> What you have to do
Pictures in the material below are to be left out, and only the lines from the line with "Churrasqueira de roda com grelha e espeto" up to and including the line with "2 weeks of sweat, dust, and" are to be written out exactly.

> Data extracts
Content starts

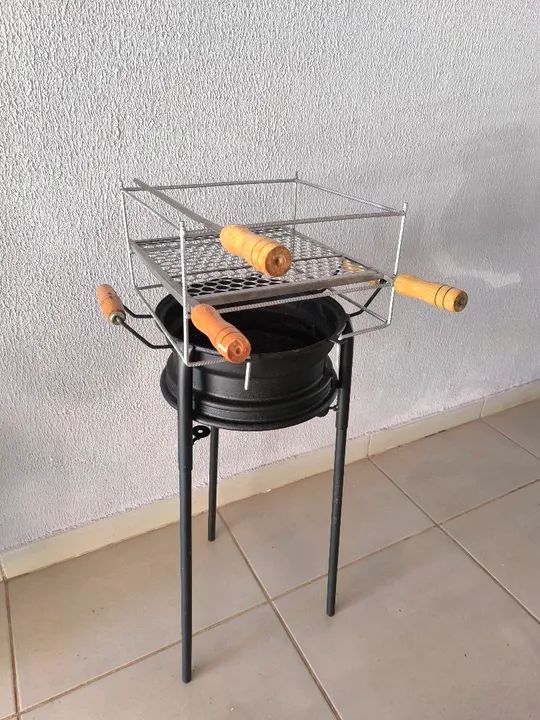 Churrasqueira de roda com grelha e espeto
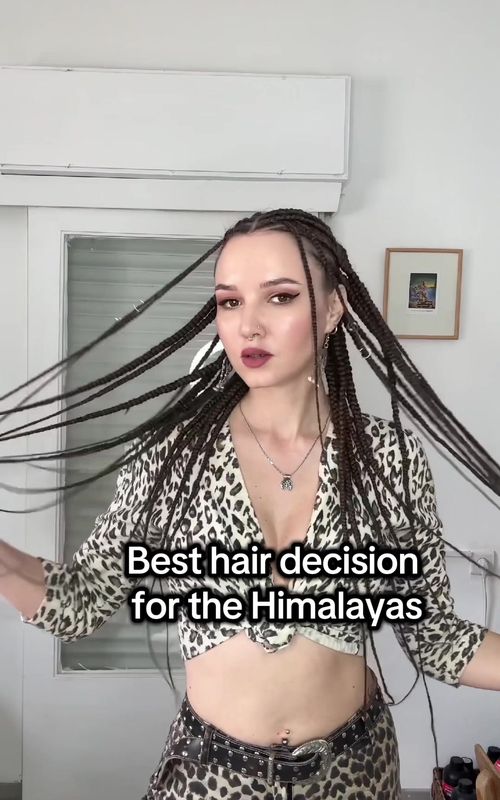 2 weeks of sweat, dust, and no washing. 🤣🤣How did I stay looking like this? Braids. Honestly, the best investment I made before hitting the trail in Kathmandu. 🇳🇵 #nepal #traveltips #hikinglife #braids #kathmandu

Content ends
Content starts

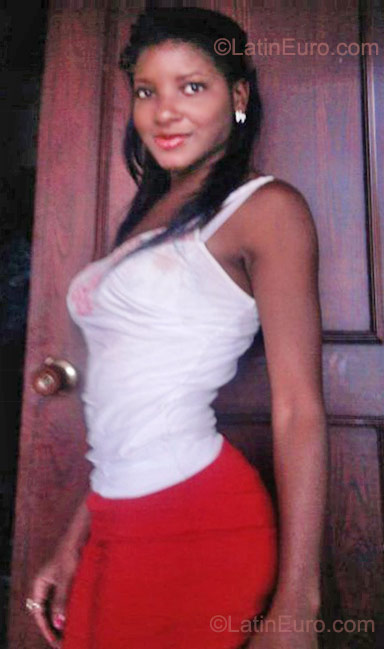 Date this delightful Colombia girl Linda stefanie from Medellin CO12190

Content ends
Content starts

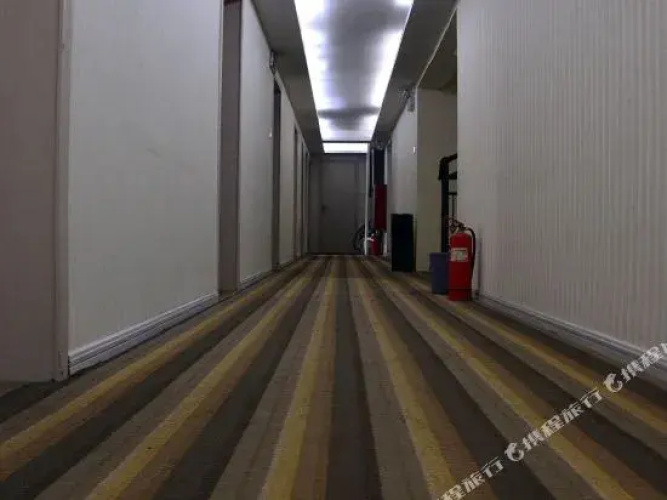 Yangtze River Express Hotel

Content ends

> Output for this exercise
 Churrasqueira de roda com grelha e espeto
 2 weeks of sweat, dust, and no washing. 🤣🤣How did I stay looking like this? Braids. Honestly, the best investment I made before hitting the trail in Kathmandu. 🇳🇵 #nepal #traveltips #hikinglife #braids #kathmandu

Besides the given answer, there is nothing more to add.